Voilà l’une des illustrations possibles de l’opposition traditionnelle entre le concept moral de force et celui de ruse. La force est publique, observable et observée quand la ruse est clandestine, cachée, délibérément trompeuse. À la première la noblesse, la seconde la rouerie, quand bien même toute guerre se caractérise par leur coexistence. La force, parce qu’elle est publique, rend des comptes, s’offre au jugement et peut être qualifiée de juste ou injuste, proportionnée ou disproportionnée, correspond à l’idéal traditionnel de la guerre.
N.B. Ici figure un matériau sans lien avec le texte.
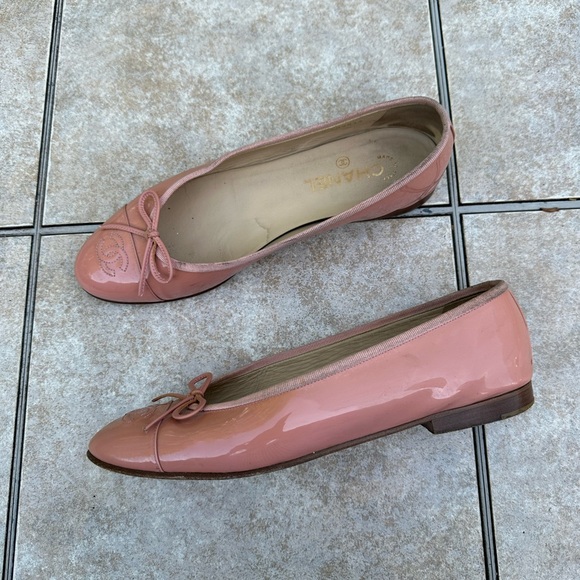 Chanel
Patent leather ballet flats - Picture 7 of 16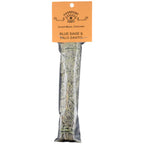 Bâton purificateur sauge bleue et palo santo pour fumigation, herbes ficelées de vert dans sachet plastique avec étiquette orange.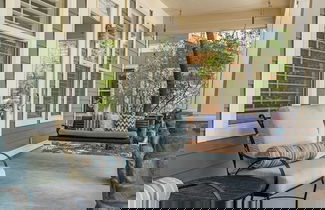 Foto 1 - Teal Dreams by Avantstay 3 Blocks to Beach, Back Patio Seating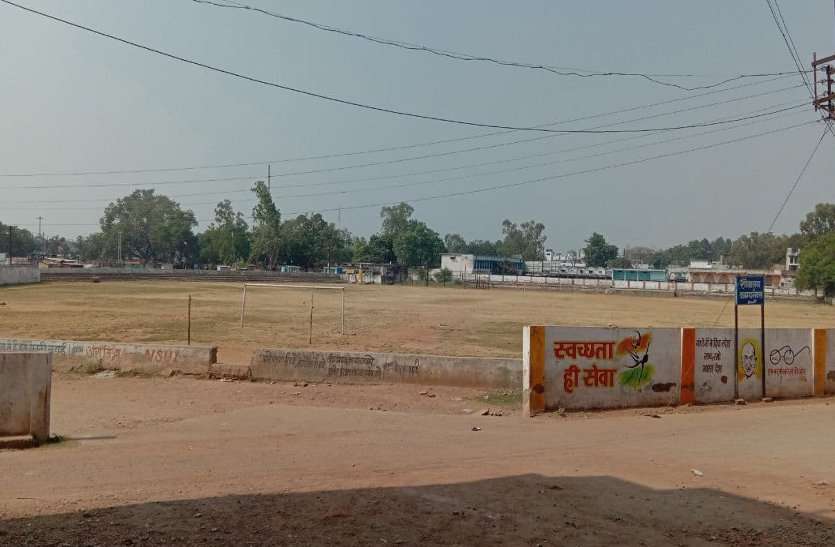 सुविधाओं से मोहताज होनहार: तीन साल में साढ़े तीन करोड़ के प्रस्ताव पर नहीं लगी मुहर अब 10 करोड़ का गया प्रस्ताव सुविधाओं से मोहताज होनहार: तीन साल में साढ़े तीन करोड़ के प्रस्ताव पर नहीं लगी मुहर अब 10 करोड़ का गया प्रस्ताव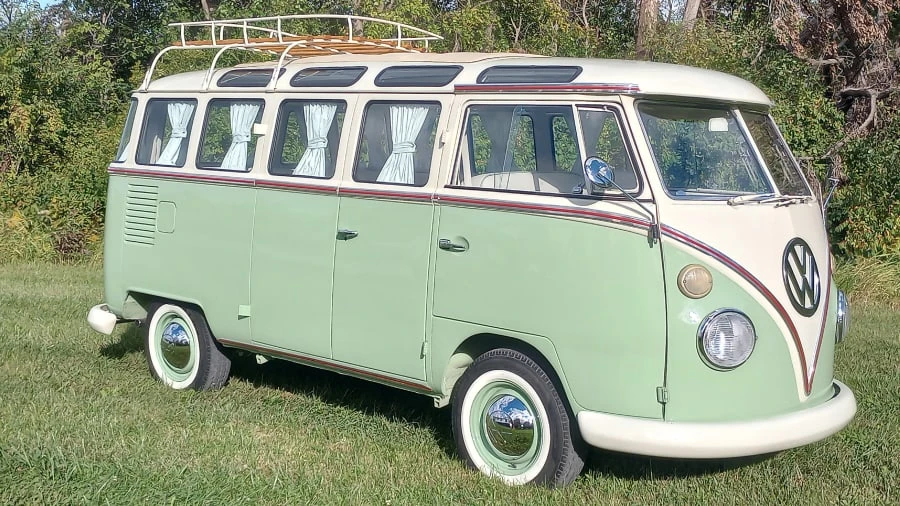 1975 Volkswagen Bay-Window Bus - Image 23 of 26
En s’opposant à la ruse, elle a trait à l’honneur parce qu’elle s’expose à l’appréciation des autres, ces autres qui décideront de la faire entrer ou non dans leurs critères de louabilité. Elle est considérée comme la pratique légitime de la guerre, parce qu’elle obéit à des règles que le concept de ruse enfreint par définition. Au sein de l’ouvrage qu’il consacre à cette opposition, Jean-Vincent Holeindre réhabilite la notion de ruse comme étant désormais la plus opératoire pour penser les guerres contemporaines[5]. Si les conflits récents semblent signer un retour de la guerre traditionnelle et de la force qui l’accompagne, peut-être faut-il également souligner que l’attachement à son caractère de vertu, plus que son expression comme qualité physique mesurable, permet de poser son actualité. Énoncer la fin de son action, s’y conformer coûte que coûte, ce afin d’instaurer ou de restaurer une autorité rationnellement justifiée face à un adversaire à sa mesure – le premier étant soi-même – reste le préalable à l’expression de la force entendue comme pure puissance physique. Si perte relative de la nécessité de la force physique dans les conflits actuels il y a, cela ne signifie pas pour autant que la vertu en devient dépassée. Il faut distinguer ce qui relève de la stratégie et ce qui relève de l’ethos du combattant. En témoigne l’attachement de l’armée à ses forces morales, premier objet du premier colloque organisé par la nouvelle Académie de défense de l’École militaire (Academ).